Sunday, April 5, 2009

Tomorrow is a big day...

...tomorrow my divorce will be final. I know this is the right thing for me, but I am sure I will leave the courtroom a mess of emotions tomorrow. I am exhausted emotionally and physically. I feel like my mom and brother have no idea what I am going through and think its just like any other day. My mom seems to forget that I have a demanding job, am playing general contractor at my house and am going though many emotions with my marriage ending. I am also trying to be the best mom possible through all this as well and it is just taking a toll on me.

Hopefully things will be better when the divorce is final. Maybe I will feel a big sense of relief. It will also be great when the house is done and I can have a home again.

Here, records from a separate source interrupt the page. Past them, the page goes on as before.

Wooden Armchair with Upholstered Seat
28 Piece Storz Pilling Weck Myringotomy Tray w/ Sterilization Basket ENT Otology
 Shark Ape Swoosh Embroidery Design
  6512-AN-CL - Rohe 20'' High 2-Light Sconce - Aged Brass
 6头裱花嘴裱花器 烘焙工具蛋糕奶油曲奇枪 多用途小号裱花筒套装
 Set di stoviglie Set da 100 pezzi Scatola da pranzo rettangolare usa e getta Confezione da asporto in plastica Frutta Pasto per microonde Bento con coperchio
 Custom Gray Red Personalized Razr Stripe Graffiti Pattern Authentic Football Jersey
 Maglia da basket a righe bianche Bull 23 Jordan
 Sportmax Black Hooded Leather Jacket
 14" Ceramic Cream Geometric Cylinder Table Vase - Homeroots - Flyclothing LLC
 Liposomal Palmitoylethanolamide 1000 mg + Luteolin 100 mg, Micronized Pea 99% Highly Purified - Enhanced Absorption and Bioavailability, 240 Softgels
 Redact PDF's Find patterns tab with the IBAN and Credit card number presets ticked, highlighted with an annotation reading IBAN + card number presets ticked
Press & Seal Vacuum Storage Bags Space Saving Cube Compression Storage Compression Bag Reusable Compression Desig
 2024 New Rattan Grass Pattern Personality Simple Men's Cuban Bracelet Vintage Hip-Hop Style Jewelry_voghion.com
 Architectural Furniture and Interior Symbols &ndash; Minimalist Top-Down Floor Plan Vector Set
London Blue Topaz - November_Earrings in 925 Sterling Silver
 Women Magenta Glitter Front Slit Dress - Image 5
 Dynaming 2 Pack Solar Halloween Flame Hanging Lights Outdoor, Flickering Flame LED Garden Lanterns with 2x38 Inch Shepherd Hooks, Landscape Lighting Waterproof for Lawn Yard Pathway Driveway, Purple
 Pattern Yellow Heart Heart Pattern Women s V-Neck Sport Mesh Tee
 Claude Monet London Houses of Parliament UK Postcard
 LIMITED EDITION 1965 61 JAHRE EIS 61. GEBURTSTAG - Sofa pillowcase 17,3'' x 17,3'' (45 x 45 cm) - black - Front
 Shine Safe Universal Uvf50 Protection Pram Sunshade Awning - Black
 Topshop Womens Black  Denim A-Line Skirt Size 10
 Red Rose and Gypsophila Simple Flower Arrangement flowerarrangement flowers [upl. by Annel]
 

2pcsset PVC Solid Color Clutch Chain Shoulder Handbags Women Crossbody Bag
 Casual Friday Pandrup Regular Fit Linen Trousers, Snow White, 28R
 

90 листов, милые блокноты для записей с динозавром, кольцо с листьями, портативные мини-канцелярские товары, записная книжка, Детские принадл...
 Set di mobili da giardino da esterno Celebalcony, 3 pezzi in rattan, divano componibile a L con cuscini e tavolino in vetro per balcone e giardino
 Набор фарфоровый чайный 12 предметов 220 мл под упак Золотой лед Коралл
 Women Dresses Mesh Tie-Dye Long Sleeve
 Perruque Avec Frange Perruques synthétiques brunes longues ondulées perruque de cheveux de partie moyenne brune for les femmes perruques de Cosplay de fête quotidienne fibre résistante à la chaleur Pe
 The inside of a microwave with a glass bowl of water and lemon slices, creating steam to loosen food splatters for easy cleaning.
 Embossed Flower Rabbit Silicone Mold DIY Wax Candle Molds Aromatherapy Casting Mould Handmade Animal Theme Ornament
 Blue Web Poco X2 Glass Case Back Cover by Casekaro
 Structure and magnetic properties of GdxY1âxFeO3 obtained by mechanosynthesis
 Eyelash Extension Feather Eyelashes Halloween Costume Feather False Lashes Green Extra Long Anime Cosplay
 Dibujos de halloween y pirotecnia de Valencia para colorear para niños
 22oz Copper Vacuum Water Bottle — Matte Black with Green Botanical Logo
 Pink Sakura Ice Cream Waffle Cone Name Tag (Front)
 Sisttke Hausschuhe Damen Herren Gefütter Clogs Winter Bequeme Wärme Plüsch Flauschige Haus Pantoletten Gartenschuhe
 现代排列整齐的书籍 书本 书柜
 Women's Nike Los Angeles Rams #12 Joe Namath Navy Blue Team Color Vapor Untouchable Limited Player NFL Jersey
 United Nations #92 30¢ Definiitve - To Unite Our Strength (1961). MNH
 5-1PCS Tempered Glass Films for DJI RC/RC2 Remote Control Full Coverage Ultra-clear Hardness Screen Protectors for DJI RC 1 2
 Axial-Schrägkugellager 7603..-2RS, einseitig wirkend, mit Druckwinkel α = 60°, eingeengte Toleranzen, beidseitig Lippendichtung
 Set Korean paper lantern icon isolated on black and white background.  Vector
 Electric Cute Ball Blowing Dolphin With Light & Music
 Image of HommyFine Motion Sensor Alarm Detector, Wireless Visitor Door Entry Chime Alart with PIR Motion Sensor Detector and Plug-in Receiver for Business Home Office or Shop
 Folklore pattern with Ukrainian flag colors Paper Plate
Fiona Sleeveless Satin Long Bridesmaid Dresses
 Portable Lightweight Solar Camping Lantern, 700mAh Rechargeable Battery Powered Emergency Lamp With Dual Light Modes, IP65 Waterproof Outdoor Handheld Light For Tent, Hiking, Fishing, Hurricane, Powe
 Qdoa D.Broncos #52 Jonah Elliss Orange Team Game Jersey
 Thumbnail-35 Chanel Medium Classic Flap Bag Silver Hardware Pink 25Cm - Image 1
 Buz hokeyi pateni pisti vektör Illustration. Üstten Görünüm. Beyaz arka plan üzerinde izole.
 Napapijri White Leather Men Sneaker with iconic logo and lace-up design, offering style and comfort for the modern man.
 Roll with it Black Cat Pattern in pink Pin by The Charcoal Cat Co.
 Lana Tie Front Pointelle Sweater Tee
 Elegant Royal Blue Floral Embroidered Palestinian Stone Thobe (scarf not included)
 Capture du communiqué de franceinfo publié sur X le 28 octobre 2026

Wish me luck. Luckily I do have a wonderful boyfriend supporting me though this :) I love you baby.

3 comments:

SquirrelQueen said...

Good luck, I will be thinking about you tomorrow.
Having someone who loves you for support is a big plus.

~joe said...

I'm happy I can be there for emotional support. You are so good to me, how could I not be here when you need me? I love you too baby.

Jane said...

Hello I found your blog through another and can relate to so much that you have been through. Maybe I'll find the courage to share it in my own blog some day. I'm glad that I am not alone and others can understand. Thank you for sharing.